───── Dataset content

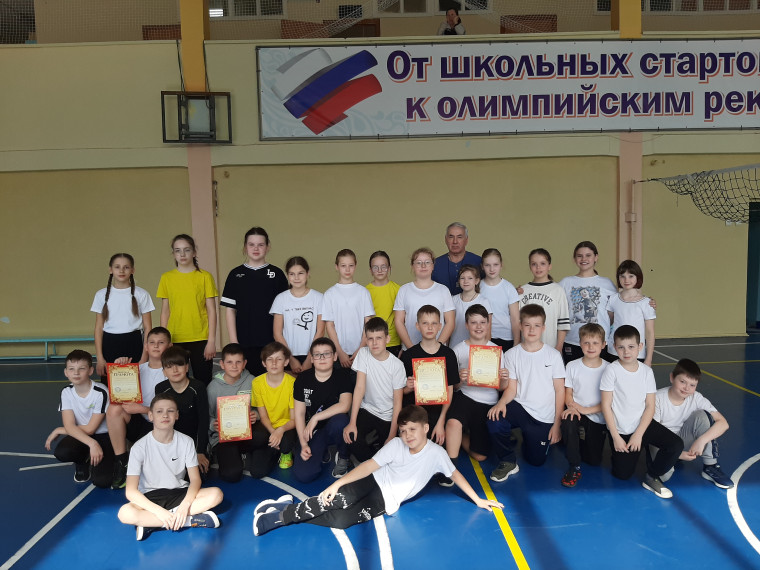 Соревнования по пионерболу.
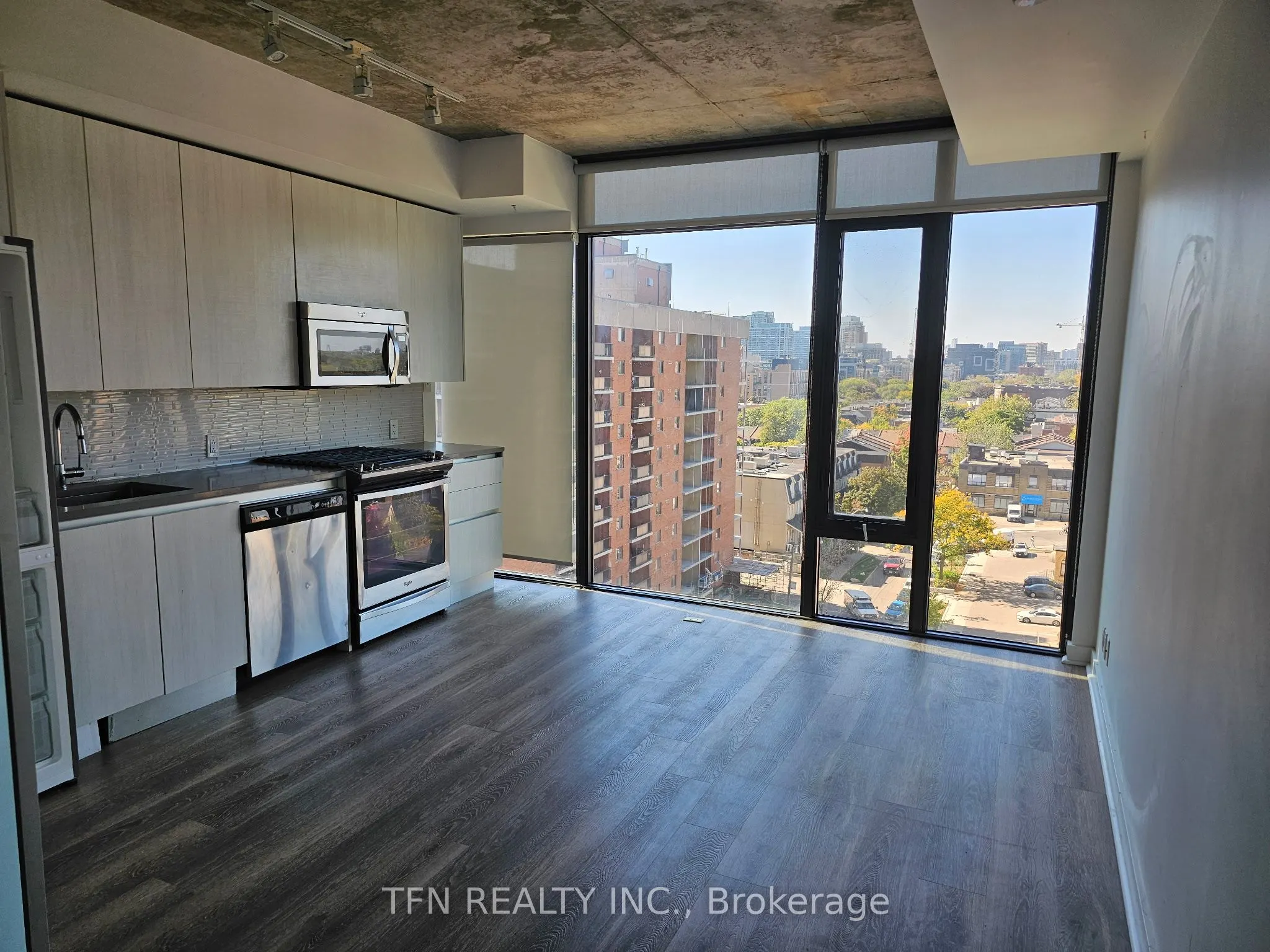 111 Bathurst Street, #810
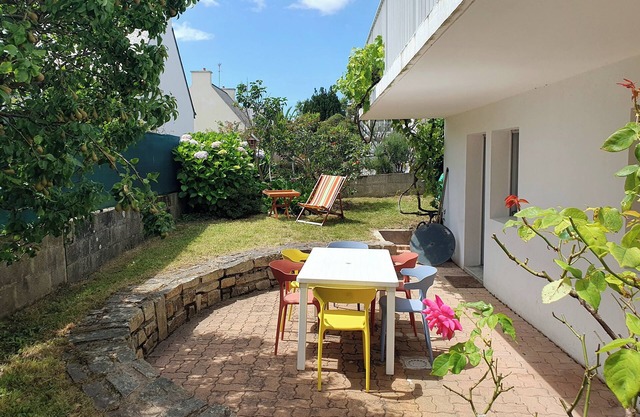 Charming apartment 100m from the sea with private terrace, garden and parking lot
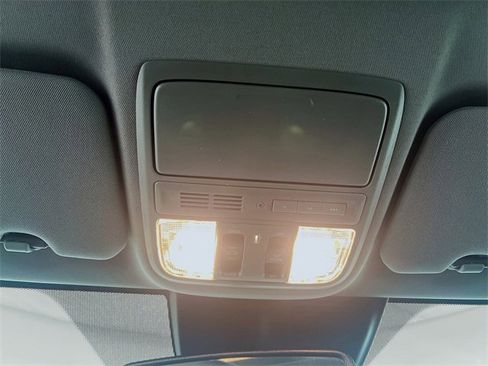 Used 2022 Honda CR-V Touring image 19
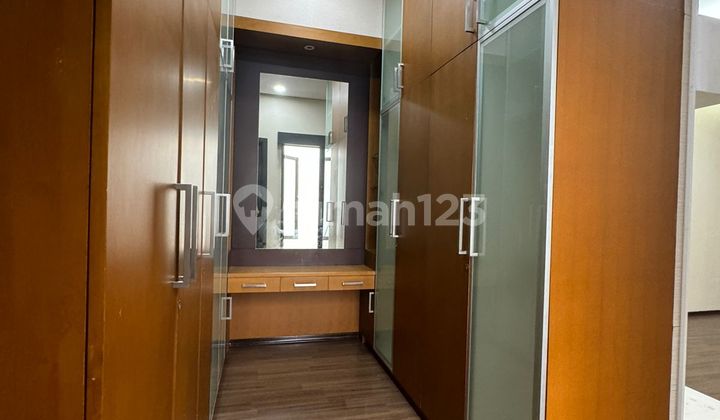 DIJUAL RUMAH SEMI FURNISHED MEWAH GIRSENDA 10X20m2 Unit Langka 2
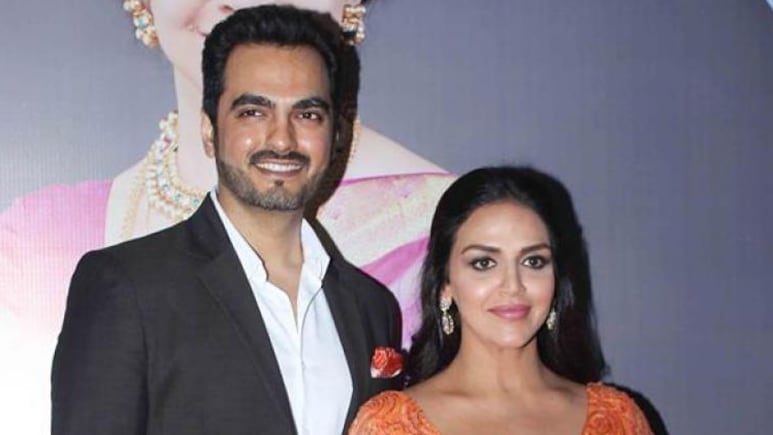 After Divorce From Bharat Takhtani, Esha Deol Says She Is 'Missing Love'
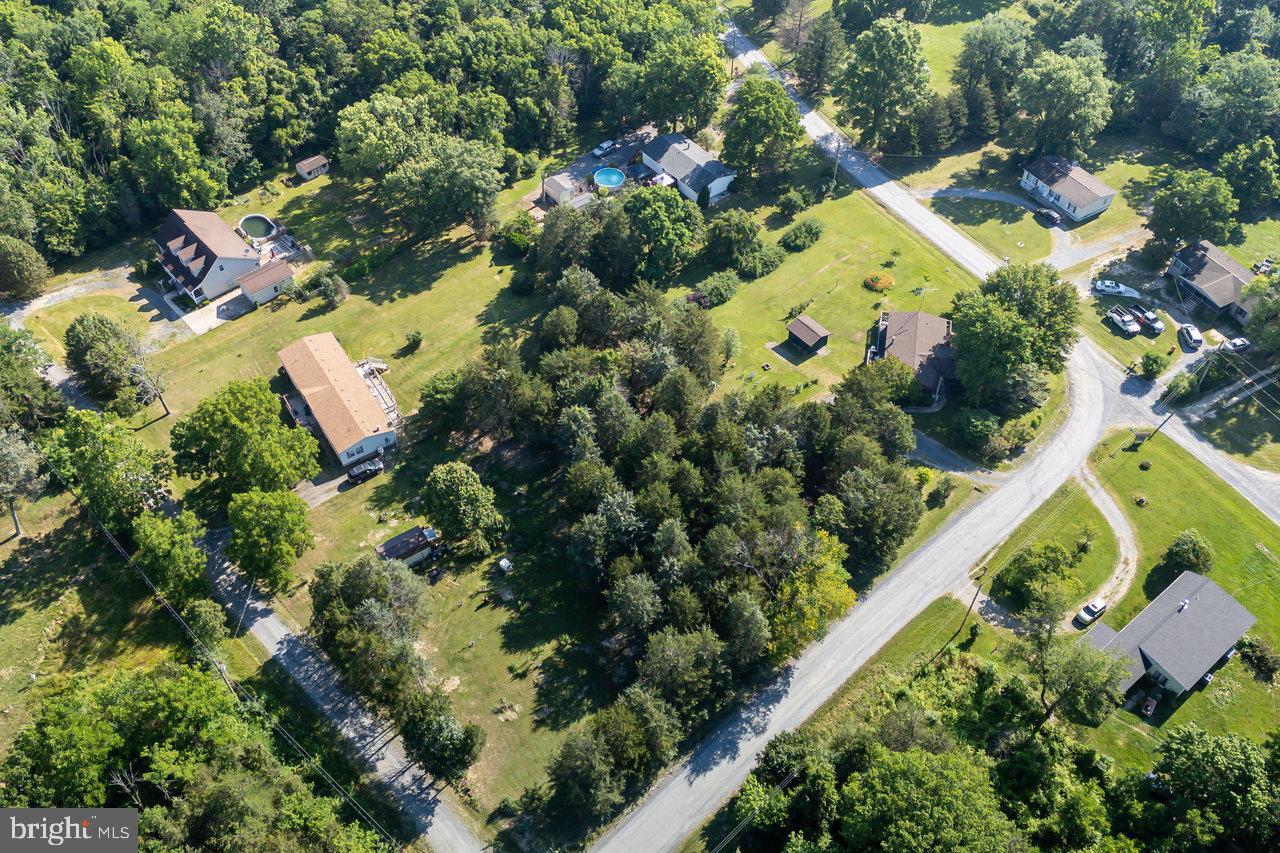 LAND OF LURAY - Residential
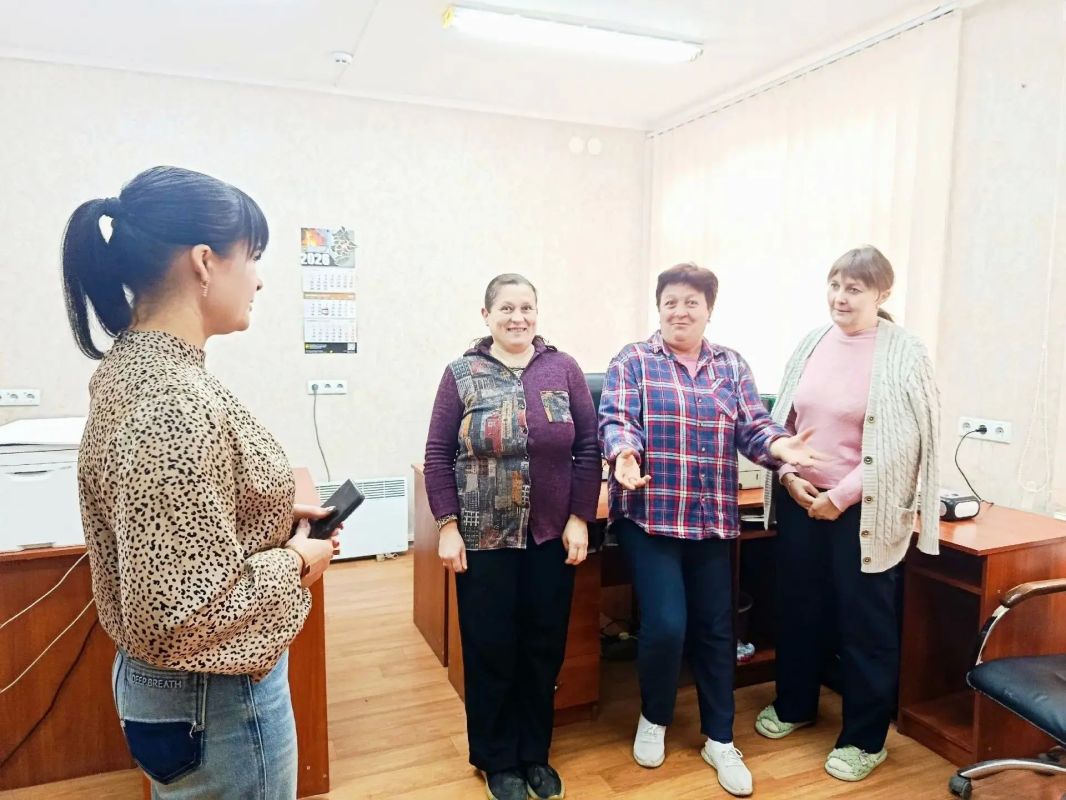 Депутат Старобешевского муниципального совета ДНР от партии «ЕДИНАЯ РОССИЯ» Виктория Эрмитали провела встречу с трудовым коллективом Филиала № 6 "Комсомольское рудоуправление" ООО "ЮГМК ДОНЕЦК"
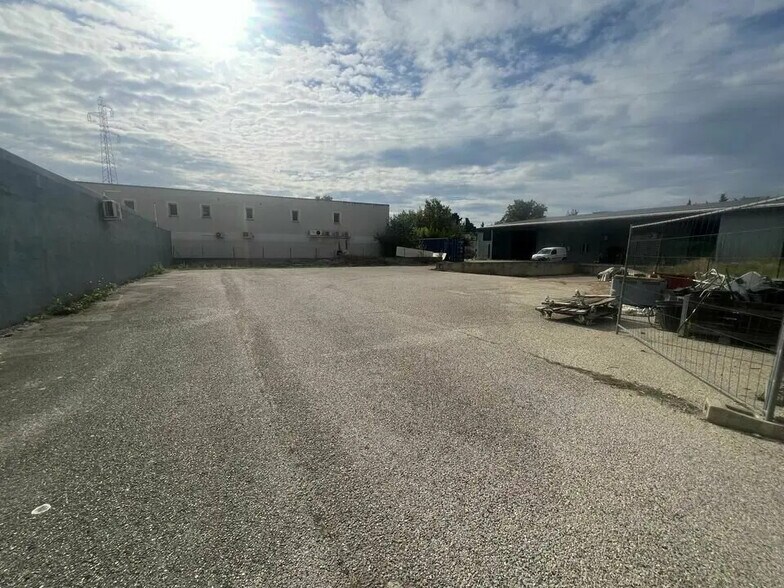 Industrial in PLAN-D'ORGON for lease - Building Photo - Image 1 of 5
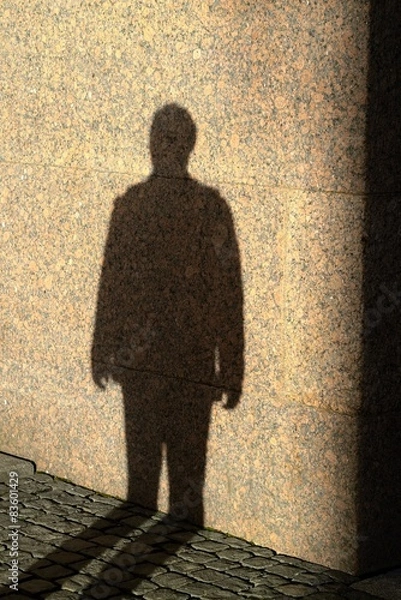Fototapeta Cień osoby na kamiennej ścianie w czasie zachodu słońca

──────────

Please set down, exactly and with nothing added, the lines from the line with "After Divorce From" to the end of the entries above, omitting pictures.

Written answer
 After Divorce From Bharat Takhtani, Esha Deol Says She Is 'Missing Love'
 LAND OF LURAY - Residential
 Депутат Старобешевского муниципального совета ДНР от партии «ЕДИНАЯ РОССИЯ» Виктория Эрмитали провела встречу с трудовым коллективом Филиала № 6 "Комсомольское рудоуправление" ООО "ЮГМК ДОНЕЦК"
 Industrial in PLAN-D'ORGON for lease - Building Photo - Image 1 of 5
Fototapeta Cień osoby na kamiennej ścianie w czasie zachodu słońca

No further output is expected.